Ce recul est le plus fort sur les vols intra-métropolitains ou vers l'Europe, respectivement -10,7 points et -8,6 points entre 2008 et 2013. Il s'explique par la concurrence des compagnies à bas coûts étrangères , qui ont transporté 17,3 % des passagers intra-métropolitains (+10,6 points par rapport à 2008) et 16,9 % des passagers vers l'Europe (+12,7 points par rapport à 2008) en 2013.

Au niveau domestique, les transporteurs aériens sont confrontés à la concurrence du train à grande vitesse (TGV), tempérée par les effets positifs de l'intermodalité TGV-avion : le TGV permet d'alimenter le hub parisien ainsi que, dans une moindre mesure, le hub lyonnais. On estime que 3 millions de passagers sont concernés.

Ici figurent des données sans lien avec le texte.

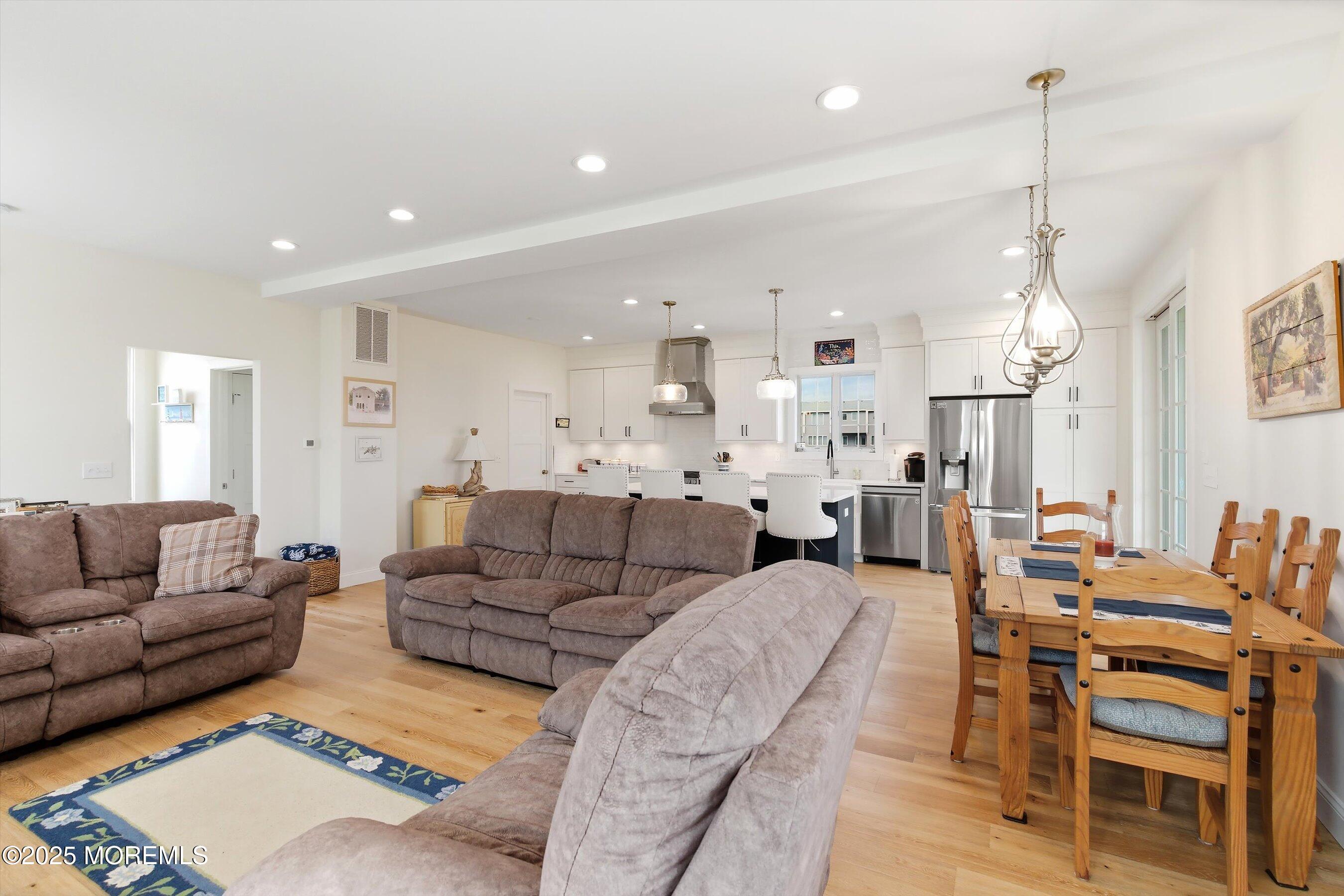 7 East Lavenia Avenue Beach Haven, NJ 08008 - Photo 11 of 48 a living room with furniture kitchen view and a chandelier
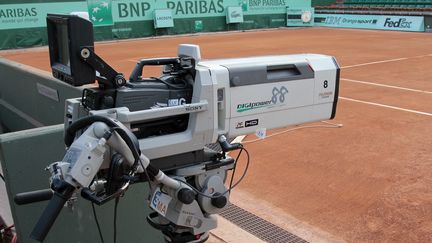 Une camera de télévision installée sur un court du tournoi de Roland Garros, à Paris. (JACQUES DEMARTHON / AFP)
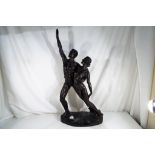 A large bronzed figure depicting a lady and gentleman,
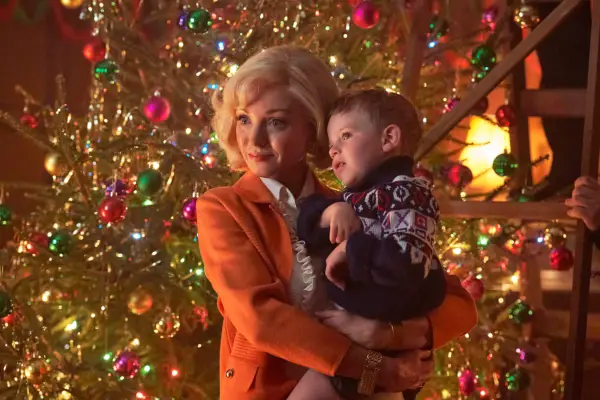 Trixie holding Jonty in front of a Christmas tree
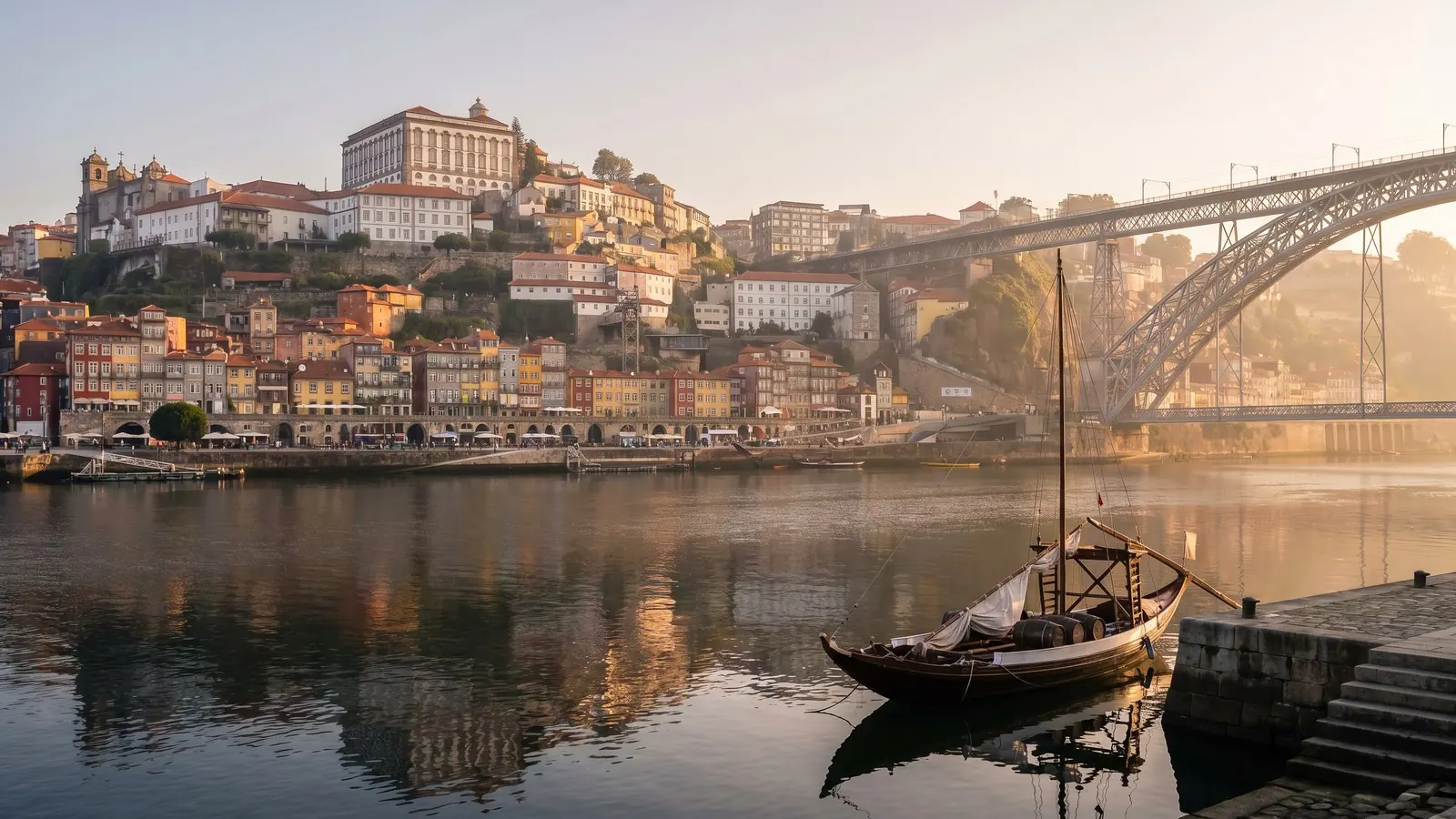 Porto's tiered riverfront houses glow in golden evening light above the Douro, with a double-deck iron bridge arching across the calm water.
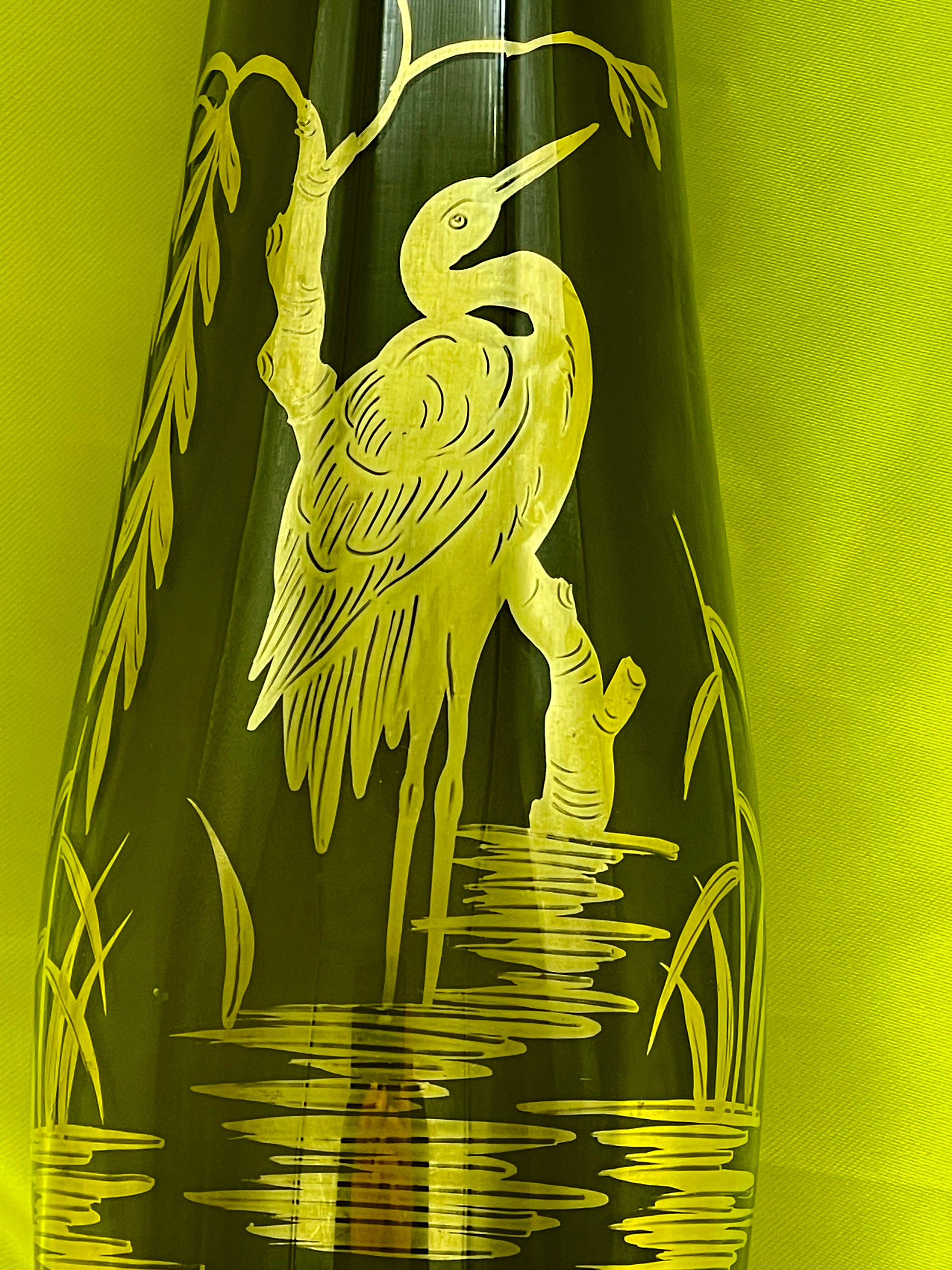 Side view of mid-century German green glass vase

Concernant les vols long-courriers, le pavillon français occupe une très bonne place, surtout vers l'Amérique Latine et l'Afrique hors Maghreb. Sa part de marché atteint un niveau maximum en 2013, respectivement 89,2 % et 79,6 % des passagers transportés. En revanche l'arrivée des compagnies du Golfe est à l'origine de pertes conséquentes de parts de marché vers le Moyen-Orient et l'Asie du sud-est . En 2012, 78 % des passagers transportés vers les Émirats Arabes Unis et le Qatar (via Emirates, Etihad ou Qatar Airways) étaient destinés à du trafic de correspondance, principalement vers l'Asie. Ce phénomène empêche le pavillon français de bénéficier pleinement du dynamisme de la demande entre la France et l'Asie .

Pour faire face à ces difficultés, certains ont décidé d'allier leurs forces dans le cadre de contrats de partenariat (notamment Corsair et Air Caraïbes depuis 2012 sur l'ensemble de leurs liaisons long-courriers) ou sous forme capitalistique , avec la création de HOP et Transavia France au sein du groupe Air France. Dans le même temps, la création de nouvelles compagnies reste un évènement exceptionnel : en métropole, seul le transporteur DreamJet est apparu. Cette compagnie a vu le jour, sur un marché de niche, celui des vols Paris - New York, exploité à l'aide d'un seul appareil intégralement équipé en classe affaires.

Les derniers résultats publiés, sur un périmètre incluant les transporteurs ayant un chiffre d'affaires supérieur à 50 M€ et excluant le groupe Air France, montrent une baisse du chiffre d'affaires cumulé en 2013 de 2,5 %, conséquence des nombreux ajustements en cours. Les pertes sur la même période sont divisées par deux, à 59 M€ contre 113 M€ un an plus tôt, et la marge d'exploitation passe de -5,0 % à -2,6 %.

En ce qui concerne l'activité fret, elle est largement dominée par deux compagnies , Air France qui a transporté plus de 500 000 tonnes de fret en France en 2013 (un tiers du total et plus de 80 % du fret transporté par des compagnies françaises) et Fedex qui a transporté plus de 400 000 tonnes de fret. La troisième compagnie de fret est European Air transport qui transporte du fret pour DHL et a transporté 84 000 tonnes de fret en 2013 11 ( * ) . Fedex domine largement le marché domestique et vers l'Union européenne . En revanche les autres flux, hormis le Moyen Orient (où se concentre tout le trafic d'Emirates et où Fedex est majoritaire) et le Maghreb (où European Air Transport est majoritaire), sont à l'avantage d'Air France.


* 11 On notera également qu'Emirates, 6ème compagnie en termes de fret transporté (39 000 tonnes, 2,3 % du fret total), est la deuxième compagnie derrière Air France parmi les compagnies à transporter aussi des passagers, introduisant, du fait de ses capacités considérables en soute, une nouvelle forme de concurrence.